First, let's find the initial vertical velocity (Vy) using the formula Vy = V * sin(theta), where V is the initial velocity and theta is the angle of takeoff.

Vy = V * sin(20°)

Since the flight time of the jump is the same as the time of descent, we can use the formula:

h = (1/2) * g * t^2

where h is the maximum height of the jump, g is the acceleration due to gravity (9.8 m/s^2), and t is the time of flight. In this case, t = 2 * t_up.
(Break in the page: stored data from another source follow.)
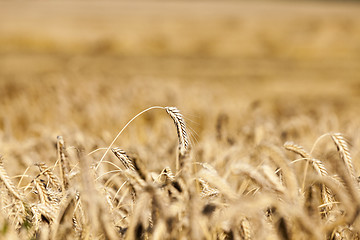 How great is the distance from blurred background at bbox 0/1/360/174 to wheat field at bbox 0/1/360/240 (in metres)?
0.04

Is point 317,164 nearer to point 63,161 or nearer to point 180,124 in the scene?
point 180,124

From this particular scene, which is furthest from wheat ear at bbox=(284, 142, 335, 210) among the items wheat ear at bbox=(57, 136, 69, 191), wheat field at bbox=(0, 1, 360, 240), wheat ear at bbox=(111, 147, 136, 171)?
wheat ear at bbox=(57, 136, 69, 191)

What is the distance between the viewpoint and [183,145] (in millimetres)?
1775

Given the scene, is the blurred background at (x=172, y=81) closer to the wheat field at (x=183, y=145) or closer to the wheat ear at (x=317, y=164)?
the wheat field at (x=183, y=145)

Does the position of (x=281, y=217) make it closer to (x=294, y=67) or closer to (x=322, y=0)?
(x=294, y=67)

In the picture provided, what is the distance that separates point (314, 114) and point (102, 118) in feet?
9.55

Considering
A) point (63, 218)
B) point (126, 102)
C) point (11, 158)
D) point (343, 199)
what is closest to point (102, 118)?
point (126, 102)

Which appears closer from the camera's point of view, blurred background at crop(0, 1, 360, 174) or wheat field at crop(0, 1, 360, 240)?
wheat field at crop(0, 1, 360, 240)

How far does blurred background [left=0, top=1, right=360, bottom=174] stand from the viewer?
5.56m

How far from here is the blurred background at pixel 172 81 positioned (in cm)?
556

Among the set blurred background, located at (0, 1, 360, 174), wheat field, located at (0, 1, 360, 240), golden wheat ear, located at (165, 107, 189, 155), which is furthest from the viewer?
blurred background, located at (0, 1, 360, 174)

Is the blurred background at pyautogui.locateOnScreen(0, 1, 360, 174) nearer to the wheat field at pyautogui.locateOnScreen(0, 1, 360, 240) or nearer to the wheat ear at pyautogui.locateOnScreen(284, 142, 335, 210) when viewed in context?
the wheat field at pyautogui.locateOnScreen(0, 1, 360, 240)

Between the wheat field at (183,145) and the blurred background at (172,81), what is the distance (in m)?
0.04

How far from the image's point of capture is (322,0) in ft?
336
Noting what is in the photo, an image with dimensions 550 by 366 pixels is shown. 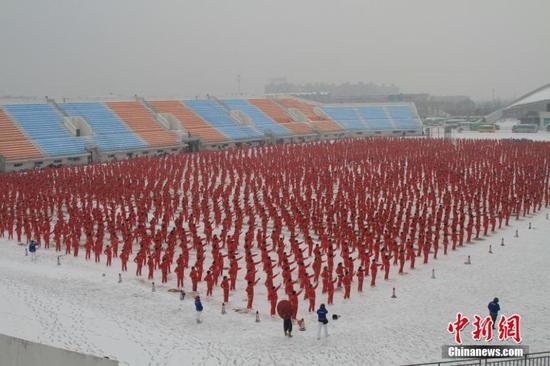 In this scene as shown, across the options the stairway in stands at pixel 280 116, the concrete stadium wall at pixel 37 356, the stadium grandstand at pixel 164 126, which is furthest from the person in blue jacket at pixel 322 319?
the stairway in stands at pixel 280 116

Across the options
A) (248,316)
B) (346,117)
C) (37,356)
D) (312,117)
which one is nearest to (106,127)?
(312,117)

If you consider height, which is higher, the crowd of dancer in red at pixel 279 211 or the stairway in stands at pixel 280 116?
the stairway in stands at pixel 280 116

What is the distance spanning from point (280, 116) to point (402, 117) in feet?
52.3

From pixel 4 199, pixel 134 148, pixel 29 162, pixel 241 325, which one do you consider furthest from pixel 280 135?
pixel 241 325

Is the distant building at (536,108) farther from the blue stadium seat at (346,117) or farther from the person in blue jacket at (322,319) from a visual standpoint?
the person in blue jacket at (322,319)

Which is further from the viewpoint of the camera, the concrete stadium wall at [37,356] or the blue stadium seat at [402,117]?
the blue stadium seat at [402,117]

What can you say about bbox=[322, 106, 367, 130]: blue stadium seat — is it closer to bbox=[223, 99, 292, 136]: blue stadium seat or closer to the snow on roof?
bbox=[223, 99, 292, 136]: blue stadium seat

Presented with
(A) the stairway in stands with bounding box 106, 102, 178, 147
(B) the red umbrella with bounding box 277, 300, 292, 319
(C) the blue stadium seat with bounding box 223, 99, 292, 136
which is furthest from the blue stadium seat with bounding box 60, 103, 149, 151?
(B) the red umbrella with bounding box 277, 300, 292, 319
Using the equation for time of flight:

t = 2 * t_up = 2 * (V * sin(theta) / g)

Therefore, the total time in the air (t_total) can be expressed as:

t_total = t_up + t_down = (V * sin(theta) / g) + (V * sin(theta) / g) = 2 * (V * sin(theta) / g)

Since the horizontal distance traveled is given by:

d = Vx * t_total = V * cos(theta) * t_total

Substituting the values, we get:

d = V * cos(theta) * 2 * (V * sin(theta) / g) = 2 * V^2 * sin(theta) * cos(theta) / g

From this equation, we can solve for V:

V = sqrt((d * g) / (2 * sin(theta) * cos(theta)))
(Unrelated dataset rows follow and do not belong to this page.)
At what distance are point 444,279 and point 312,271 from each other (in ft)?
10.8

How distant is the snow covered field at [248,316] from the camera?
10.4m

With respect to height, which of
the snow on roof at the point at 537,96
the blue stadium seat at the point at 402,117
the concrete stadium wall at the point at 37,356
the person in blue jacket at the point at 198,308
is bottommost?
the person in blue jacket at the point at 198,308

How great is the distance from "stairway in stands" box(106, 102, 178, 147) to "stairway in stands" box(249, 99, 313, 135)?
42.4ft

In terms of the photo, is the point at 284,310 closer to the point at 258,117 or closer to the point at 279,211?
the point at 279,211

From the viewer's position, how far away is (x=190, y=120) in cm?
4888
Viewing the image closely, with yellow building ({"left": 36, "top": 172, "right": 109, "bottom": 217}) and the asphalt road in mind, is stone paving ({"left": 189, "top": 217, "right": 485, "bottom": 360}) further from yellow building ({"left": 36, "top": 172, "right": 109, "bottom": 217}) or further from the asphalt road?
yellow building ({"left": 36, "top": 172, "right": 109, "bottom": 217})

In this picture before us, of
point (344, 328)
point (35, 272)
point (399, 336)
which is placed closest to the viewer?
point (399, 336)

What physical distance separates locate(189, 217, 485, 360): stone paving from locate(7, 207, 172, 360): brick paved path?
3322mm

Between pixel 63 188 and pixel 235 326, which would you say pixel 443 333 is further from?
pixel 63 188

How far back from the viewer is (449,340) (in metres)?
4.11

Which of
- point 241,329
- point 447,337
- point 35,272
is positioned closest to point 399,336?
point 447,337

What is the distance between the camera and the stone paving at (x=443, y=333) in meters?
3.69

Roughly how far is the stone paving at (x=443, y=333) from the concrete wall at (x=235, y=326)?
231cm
Plugging in the known values:

V = sqrt((7.80 m * 9.8 m/s^2) / (2 * sin(20°) * cos(20°)))

Calculating this, we get:

V ≈ 6.77 m/s

Therefore, the takeoff speed is approximately 6.77 m/s.

(b) To find the increase in distance if the speed is increased by 5.0%, we can use the formula:

new distance = old distance + (5.0% of old distance)

Plugging in the known values:

new distance = 7.80 m + (0.05 * 7.80 m)

Calculating this, we get:

new distance ≈ 8.19 m

Therefore, the jump would be approximately 8.19 m long, which is an increase of 0.39 m.